### YOUR INSTRUCTIONS
Every line from the line containing "Image of 2-inch" through the final line below must be returned exactly, and no other line.

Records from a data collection
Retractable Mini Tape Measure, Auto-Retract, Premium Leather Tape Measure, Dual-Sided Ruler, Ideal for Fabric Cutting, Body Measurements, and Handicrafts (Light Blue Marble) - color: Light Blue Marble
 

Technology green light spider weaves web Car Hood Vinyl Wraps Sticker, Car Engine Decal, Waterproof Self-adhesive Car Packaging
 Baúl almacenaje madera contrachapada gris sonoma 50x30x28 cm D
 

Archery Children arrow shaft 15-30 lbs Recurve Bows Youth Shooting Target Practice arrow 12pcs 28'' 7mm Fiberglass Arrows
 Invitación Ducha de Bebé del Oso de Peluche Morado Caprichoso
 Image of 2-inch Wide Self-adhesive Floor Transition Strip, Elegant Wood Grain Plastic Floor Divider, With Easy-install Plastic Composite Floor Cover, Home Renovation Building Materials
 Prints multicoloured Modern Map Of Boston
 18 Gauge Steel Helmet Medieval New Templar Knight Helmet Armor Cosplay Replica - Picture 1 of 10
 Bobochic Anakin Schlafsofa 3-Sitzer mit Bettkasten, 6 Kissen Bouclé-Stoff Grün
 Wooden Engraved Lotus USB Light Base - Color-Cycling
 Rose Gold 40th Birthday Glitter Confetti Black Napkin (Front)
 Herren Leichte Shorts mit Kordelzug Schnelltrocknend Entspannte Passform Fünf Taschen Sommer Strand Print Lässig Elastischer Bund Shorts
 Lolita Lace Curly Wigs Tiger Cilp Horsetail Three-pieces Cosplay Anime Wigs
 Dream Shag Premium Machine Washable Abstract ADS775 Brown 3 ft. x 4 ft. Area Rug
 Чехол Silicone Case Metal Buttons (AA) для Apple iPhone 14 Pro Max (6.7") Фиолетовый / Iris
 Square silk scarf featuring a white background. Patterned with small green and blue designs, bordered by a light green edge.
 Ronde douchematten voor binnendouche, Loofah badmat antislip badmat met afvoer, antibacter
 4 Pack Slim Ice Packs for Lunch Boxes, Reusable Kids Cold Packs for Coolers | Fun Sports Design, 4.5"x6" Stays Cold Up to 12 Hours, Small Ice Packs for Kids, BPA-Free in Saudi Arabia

### SOLUTION FOR THIS TASK
 Image of 2-inch Wide Self-adhesive Floor Transition Strip, Elegant Wood Grain Plastic Floor Divider, With Easy-install Plastic Composite Floor Cover, Home Renovation Building Materials
 Prints multicoloured Modern Map Of Boston
 18 Gauge Steel Helmet Medieval New Templar Knight Helmet Armor Cosplay Replica - Picture 1 of 10
 Bobochic Anakin Schlafsofa 3-Sitzer mit Bettkasten, 6 Kissen Bouclé-Stoff Grün
 Wooden Engraved Lotus USB Light Base - Color-Cycling
 Rose Gold 40th Birthday Glitter Confetti Black Napkin (Front)
 Herren Leichte Shorts mit Kordelzug Schnelltrocknend Entspannte Passform Fünf Taschen Sommer Strand Print Lässig Elastischer Bund Shorts
 Lolita Lace Curly Wigs Tiger Cilp Horsetail Three-pieces Cosplay Anime Wigs
 Dream Shag Premium Machine Washable Abstract ADS775 Brown 3 ft. x 4 ft. Area Rug
 Чехол Silicone Case Metal Buttons (AA) для Apple iPhone 14 Pro Max (6.7") Фиолетовый / Iris
 Square silk scarf featuring a white background. Patterned with small green and blue designs, bordered by a light green edge.
 Ronde douchematten voor binnendouche, Loofah badmat antislip badmat met afvoer, antibacter
 4 Pack Slim Ice Packs for Lunch Boxes, Reusable Kids Cold Packs for Coolers | Fun Sports Design, 4.5"x6" Stays Cold Up to 12 Hours, Small Ice Packs for Kids, BPA-Free in Saudi Arabia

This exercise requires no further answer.